We wade into the water and it’s cold and pulls at my legs. He explains to me that he wants me to look under the bigger rocks under foot, and collect bugs for bait. The bugs look like little black slugs and are easy to find. I collect a couple dozen. It takes about an hour and the sun is high now in the middle of the sky. I wade back to our area at the shore. Still standing in the cool river water I lean over, open up a small blue cooler and pull out an ice-cold Kirin Lager. I take a long drink and the beer is freezing and delicious. There are small pieces of ice in the beer. I take another long, cold swallow. “Damn, that’s good.” I say to the river.
Just then I see him in the middle of the river about fifteen meters away from me and down stream. His legs are set wide and he suddenly drops his weight a bit and I see the long rod of his fishing pole bend first slightly and then much more deeply.
He moves the rod to the left, then back up, then to the right. He takes in a little line. He repeats this a couple of times, then with his left hand he reaches to his belt and retrieves his net. He holds the net out to his side and slightly turns his body and with his right hand and arm he manipulates the rod. Several meters away down stream, suddenly a fish, caught on the end of his line, shoots out of the river water and flies through the air towards him. He quickly turns his body bringing his net wide and left and the fish travels through the air and skillfully lands deep in the net. He then easily slings the long rod under his arm and across his upper back and crouches down into the current to attend to his prey.
The first catch of the day.
Later, I take another beer and wade across the river to the big rock. I circle around it and find a spot I can grab onto firmly with my hands, beer in my deep cargo pocket of my shorts, and I pull myself up. I climb on top of the rock where it’s so hot. The vines are all over and a large beetle walks slowly across the hot surface and into one of the bushes nearby on the rock. I sit down and the cold water of the river pours off me and cools the hot rock face. The beer is almost as good as the first one and I watch the river and the fisherman. He catches more fish and the river keeps flowing.

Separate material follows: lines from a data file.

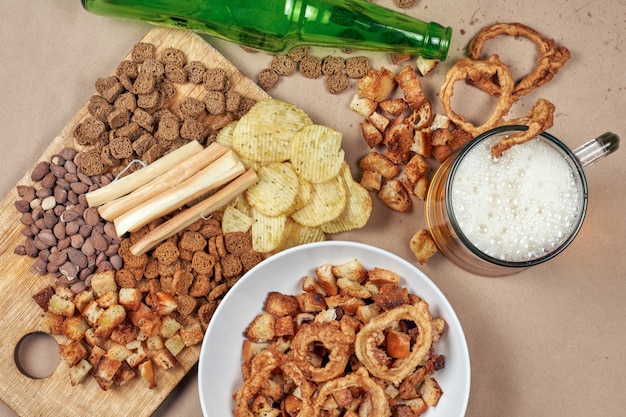 Drinking beer. Table full of beer snacks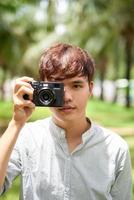 man holding digital camera outdoor photo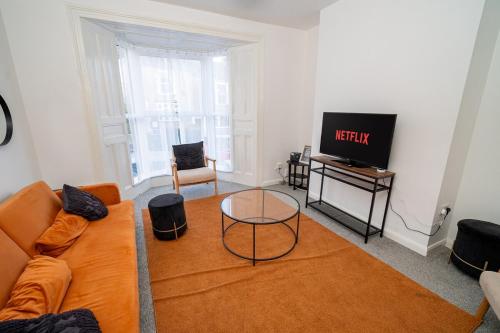 a living room with a couch and a tv at Spacious 3 Bed Home in the heart of Swansea in Swansea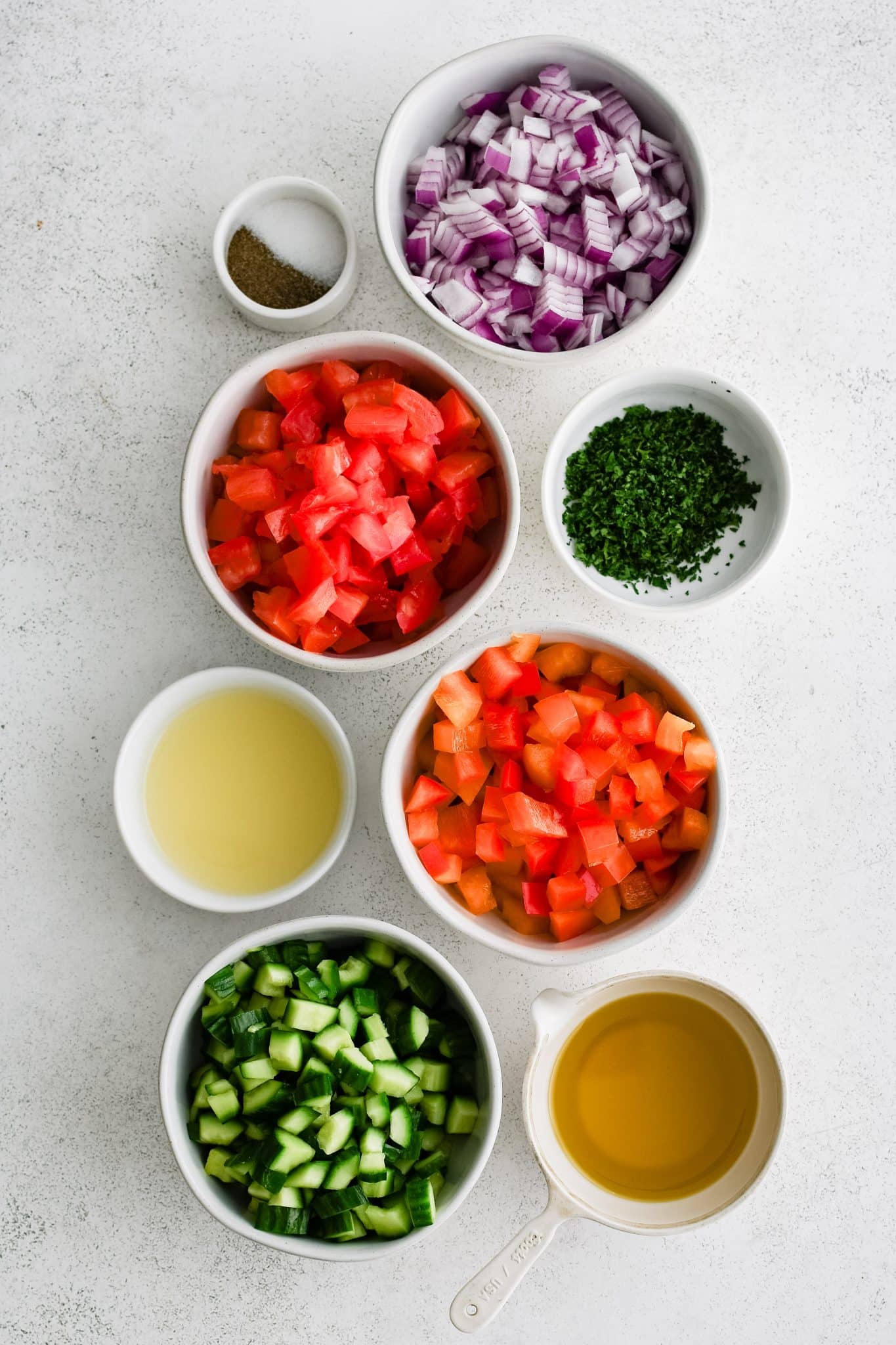 Ingredients for Israeli Salad in individual measuring cups and ramekins.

After some time I jump off the rock into the cold deep part of the river just below it and the current, faster here, easily whips me down stream feet first back into the shallows.
He has a beer with me and we cut big chunks off a roll of sweet, country ham to eat with the beer. He talks about the fishing, how it’s not bad today but nothing too special. He tells me about the type of fish, Ayu, and that all these are for tonight’s big family dinner. He tells me he has caught many Ayu in the river. I look at his tanned, heavily lined face and long black and white coarse hair, pulled back in an unruly pony tail, and I believe he has caught many fish. He talks about fishing easily and with an expertise. Fishing in Gifu is something he has done for a long time.
The short break in the hot sun with the beer and ham finishes and he continues to fish. I find more bait and I go up and watch him work the line, the rod and manipulate the net. He shows me how to bait properly and walks me through teasing a fish before netting it. By four in the afternoon he has caught nine fish.
We load back into the SUV with the fish on ice and he turns the ignition over.
Creedence pours out of the door speakers.
“Forward troubles Illinois, lock the front door, oh boy!
Look at all the happy creatures dancing on the lawn.
Bother me tomorrow, today, I’ll buy no sorrows.”
“Doo, doo, doo, Looking out my back door.”
I eat two Ayu that night and they are delicious. Everyone enjoys them and the big dinner is light and people smile and eat a lot. The old man who did the fishing gets a little drunk on beer and shochu but in a familiar way and handles it well. We are both tanned from our day at the river.